A las 11 am se veía la novela mexicana, a las 12 bajábamos al gran comedor en esa sala hermosa con mosaico de madera puesto a mano... se almorzaba siempre arroz y frijoles con alguna carne y vegetal y se comía alguna fruta de postre. Durante la hora del almuerzo, Fadrique y yo nos metíamos debajo de la mesa a pellizcarle los pies a quien estuviera comiendo. Mi abuelo se sentaba en el sofá a escuchar música clásica y luego jugábamos escuelita en el cuarto de Tita donde mis abuelos eran mis alumnos y yo era la maestra. Me acuerdo que yo me ponía muy enojada con ellos cuando no me ponían atención y mi abuela se reía tanto de mí.

También recuerdo que ella se acostaba en la cama y pretendía ser un caballo que nosotros cabalgábamos y luego nos tiraba al suelo que era un río de pirañas.

 Yo le ponía a Fadrique la cinta métrica alrededor del cuello y lo caminaba alrededor de la casa mientras el saltaba diciendo Pichí, Pichí. Era mi pajarito. 

Los sábados nos subíamos al carro de Abo. Un carro blanco como un raspa hielo y nos íbamos a la finca de Alajuela a nadar en la piscina. A Abo le encantaba nadar. Siempre parábamos en la misma panadería a comprar rosquillas. Nunca se me van a olvidar esas rosquillas teñidas de rojo que cuando terminábamos de comerlas nos enrojecían las manos de dulce y amor de abuelos.

Su casa fue testigo de la adolescencia de mi papá y su hermano, y en sus épocas, las fiestas señoriales con la alcurnia de San José, cuando mi abuelo era un famoso cardiólogo. Pero esas mismas paredes luego también nos acogieron a mí y a mis hermanos, los únicos nietos.

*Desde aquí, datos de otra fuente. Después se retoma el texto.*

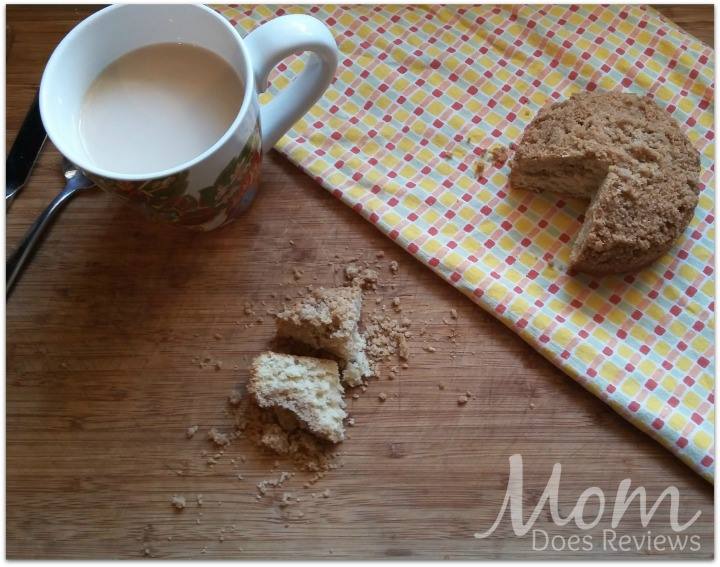 Mother's Day Mini Coffee Cake Recipe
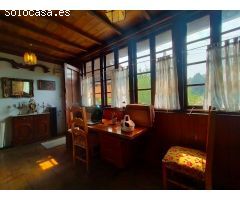 Casa de Pueblo en Venta en San Esteban de Pravia, Asturias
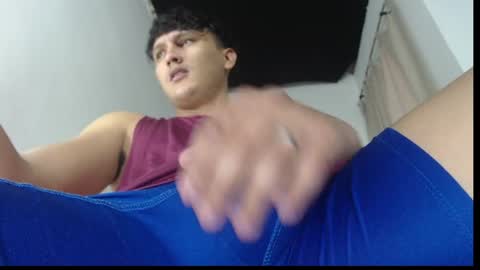 josegk online show from June 29, 7:47 pm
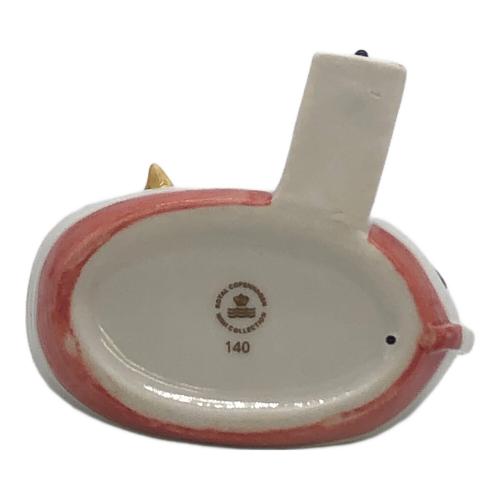 ROYAL COPENHAGEN (ロイヤル・コペンハーゲン)  ノアの箱舟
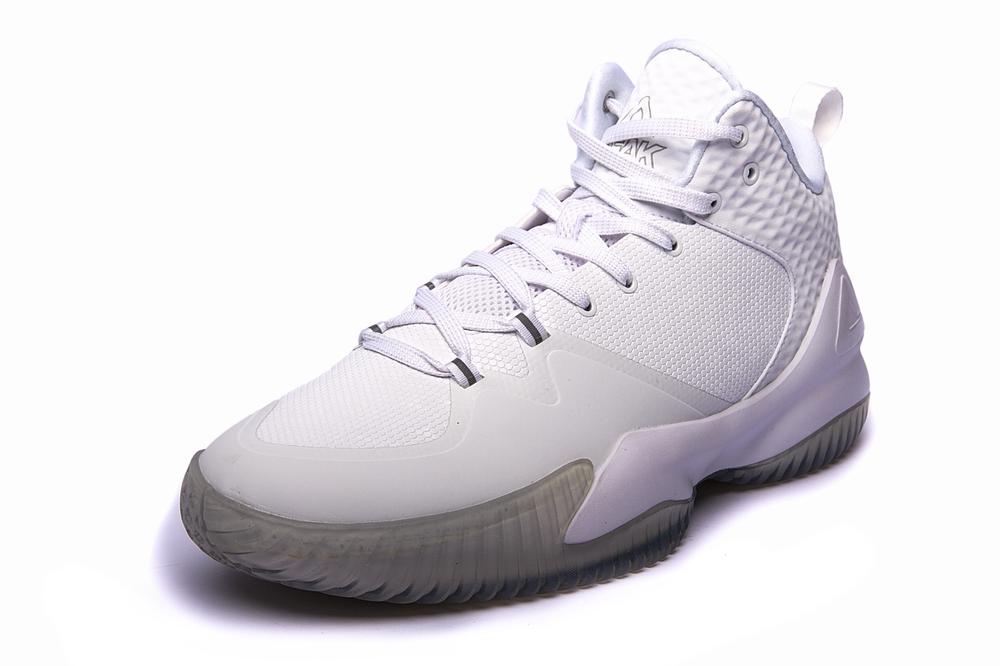 peak outdoor basketball shoes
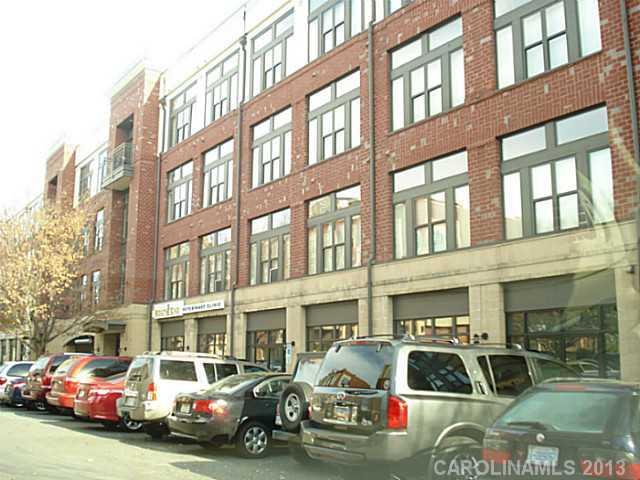 2125 Southend Dr. #435, Charlotte, NC 28203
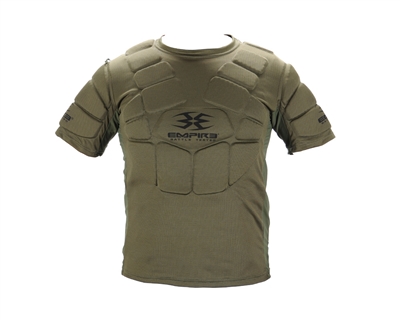 Empire Paintball Chest Protector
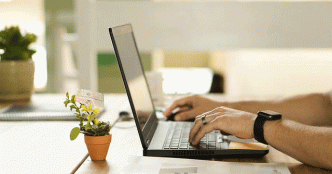 Tech majors step up to secure hybrid workforce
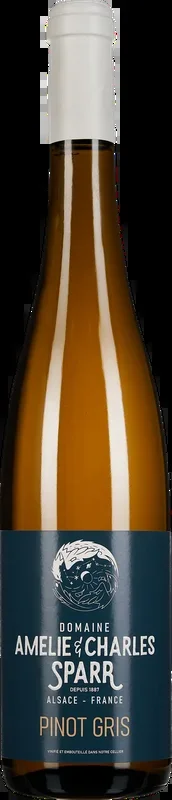 Pinot Gris Sensation 2022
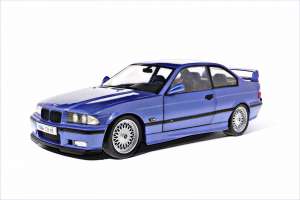 BMW E36 M3 COUPE BLUE 1996 S1803914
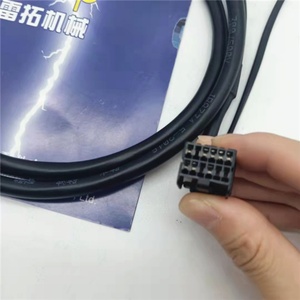 Arnés de Monitor E312C E320C 227-7567, Cable de Monitor 312C 320C 227-7567 2277567 para Excavadora - Product Image 3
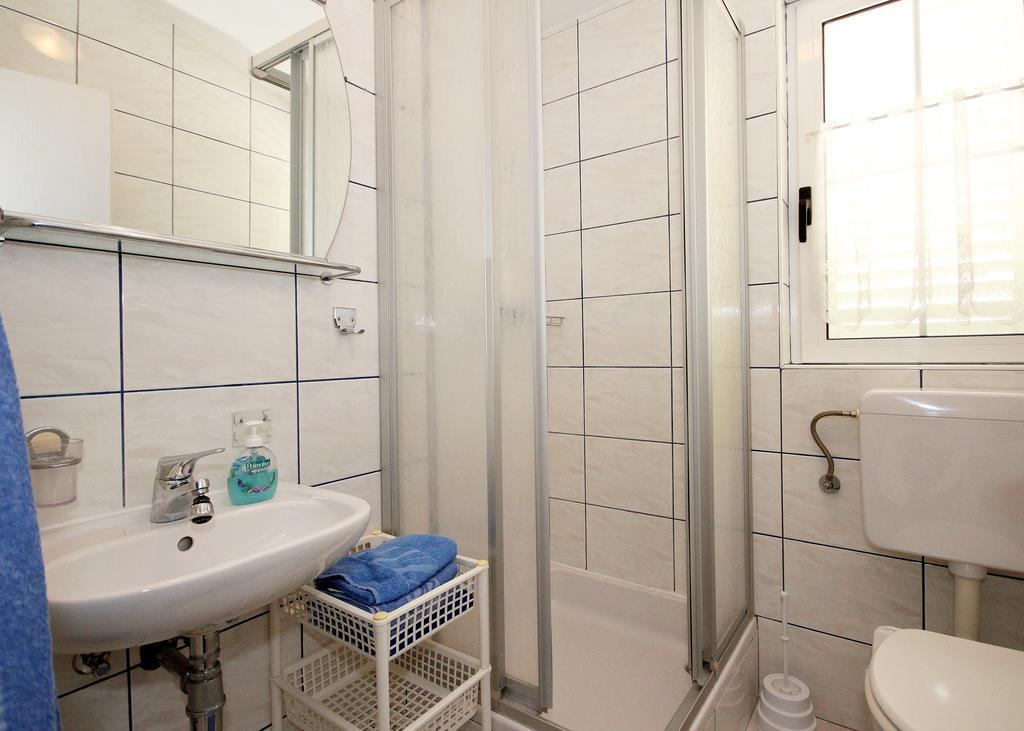 Apartment Vucic マカルスカ 部屋 写真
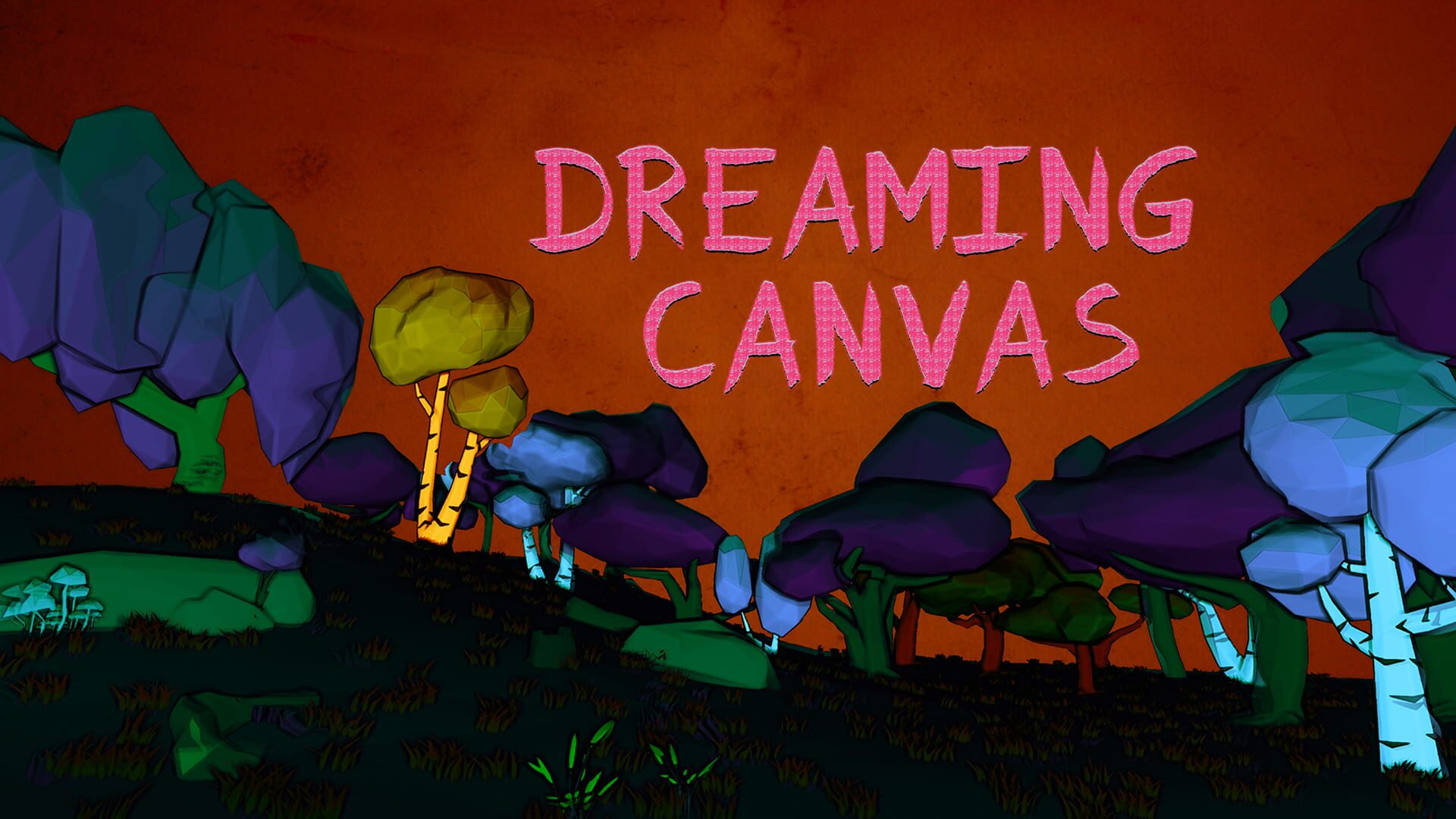 Foto do jogo Dreaming Canvas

Había un perro imaginario en el jardín y Dora nos decía que nos iba a soltar al perro. Luego nos correteaba por las escaleras.

Puedo oler cada espacio de esa casa como si fuera ayer. La cocina huele a empanadas de queso, café recién chorreado y gallo pinto tostado...

Esa casa ya no es nuestra. Mi papá la vendió cuando Tita murió.

Cada vez que voy a Costa Rica camino frente a esa casa. Las personas que la compraron no le han puesto mucho amor, de hecho la convirtieron en una estructura cuadrada sin ventanas, tétrica.